Improving the breed at Nakayama, a racecourse outside Tokyo, is as sedulous a pursuit as it is at Aqueduct, but an accidental Occidental plunger might well be disoriented by the Oriental refinements. Only 20% of the bets are made on win, place and show, the rest being placed on a chancy proposition called forecast, which means picking the first and second horses in a race in that order—oh, brother! There is a morning line, but, sportingly, no tote board to reflect changing odds. Instead of pari-mutuel machines, Nakayama employs 2,500 girls (at 7l¢ a day), who sell tickets, count stubs, tot up on abacuses, dash around feeding mysterious information into tiny adding machines and, shortly after the race, come up with the payoffs. There are 12 races, starting at 10:30 a. m., and the horses run clockwise, but it's as hard to go home ahead as it is at Aqueduct.

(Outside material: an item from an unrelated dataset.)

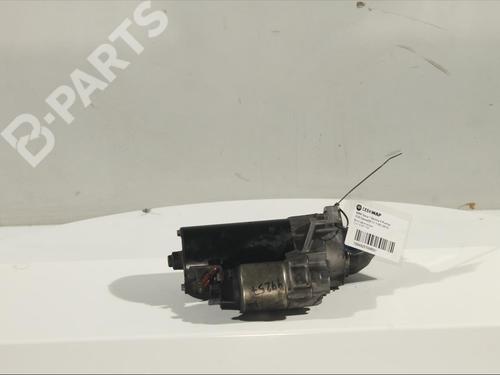 Startmotor BMW 1 (F20) 116 d (116 hp) 11911362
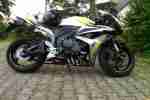 CBR 600RR PC 40 Sonder Edition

Railbirds get soaked in front of Nakayama's vast new pillar-less grandstand. But the 100-yen bettors have their day in December when they pick by ballot which horses start in 2 million yen ($5,555) Arima Memorial, Japan's second-richest race.
Information board lists dope for the day's racing. There are 12 Thoroughbred tracks in Japan which are run by a semigovernmental foundation.
Fans line up at the windows to cash their tickets. There are, in addition, off-track betting offices, and the play from these offices is relayed by short-wave radio to the track and figured into the payoffs.
Bettors hunker down in Japanese fashion to study their form sheets. Japan has the usual complement of experts and tipsheets, but touts are banned from the track.
Child enthusiast irreverently interrupts the solemn ritual of picking a winner. Children are welcome at the track, but should be seen, not heard.